BOOKER T and the MGs: McLemore Avenue (Stax/Concord)

  • Home
  • Reviews
  • BOOKER T and the MGs: McLemore Avenue (Stax/Concord)
booker_new

When the Beatles began their career in the damp cellar clubs and parish halls of Liverpool their stage set comprised chiefly of brash covers of pop hits, country and western favourites, R&B and R&R ravers and embryonic soul tunes. Once established though, those catchy Lennon/McCartney tunes took pre-eminence and soon popsters, country singers, bluesmen, rockers and soul artists started copying and covering the Beatles’ song book. By the end of the 60s the Beatles had become an institution and each of their new recordings was devoured and analysed by fans, critics and other recording artists who marvelled at their ability to create new ideas and musical forms with consummate ease. One such musician was Booker T Jones and when he heard the Fabs’ ‘Abbey Road’ he was overwhelmed by the LP’s sheer musicality. By then, of course, Beatle lyrics had become important too. Lennon, McCartney and Harrison had graduated from simple love songs to complex ideas that embraced everything from metaphysics to politics, but for Booker T it was the music on ‘Abbey Road’ that was the attraction, chiefly, he says, because it was unpredictable. He therefore resolved to record his own version of the album (in the way that George Benson had just done). His three fellow MGs were at the time working on different projects in different places but despite the logistics he pressed ahead and the set – named after the location of the Stax studios, McLemore Avenue – was released in January 1970 to an indifferent reception.

Jones wasn’t bothered though; he’d done what he’d set out to do – salute the musicianship of the Beatles and with this new remastered reissue we can also marvel at the musicianship of Jones, Dunn, Jackson and Cropper.

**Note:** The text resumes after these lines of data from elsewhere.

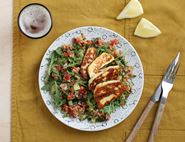 Halloumi with Grilled Pepper Tabbouleh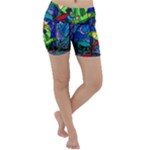 Beauty And The Beast Stained Glass Rose Lightweight Velour Yoga Shorts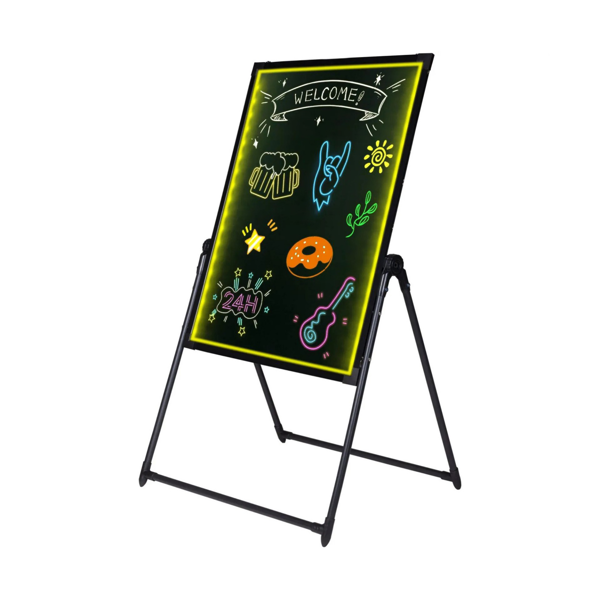 32“x24”LED信息书写板、带霓虹灯效果的可擦除发光黑板、带8个荧光粉笔标记和遥控器的菜单标志和绘图板-2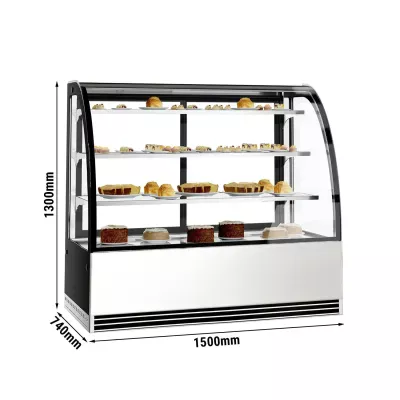 Витрина кондитерская 1,5 m - 3 полки - с гнутым стеклом (LED) GGM Gastro KTH15713R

Jones chose not to cover ‘Abbey Road’ track by track; rather he created three long medleys of key sections of the original and recorded ‘Something’ just on its own. He omitted four Beatle tracks – the novelties ‘Octopus’s Garden’, ‘Maxwell’s Silver Hammer’, ‘Her Majesty’ and the stark ‘Oh Darling’, but they were never too significant on the original anyway; what he thus achieves is a new, much simpler twist on familiar material and with just four musicians – who were focused on the basics – the music speak for itself.

This reissue comes with a six bonus tracks- earlier MGs’ recording of Beatle songs (like ‘Day Tripper’) and extensive liner notes from Ashley Khan, Adjunct Professor of Music History at New York university.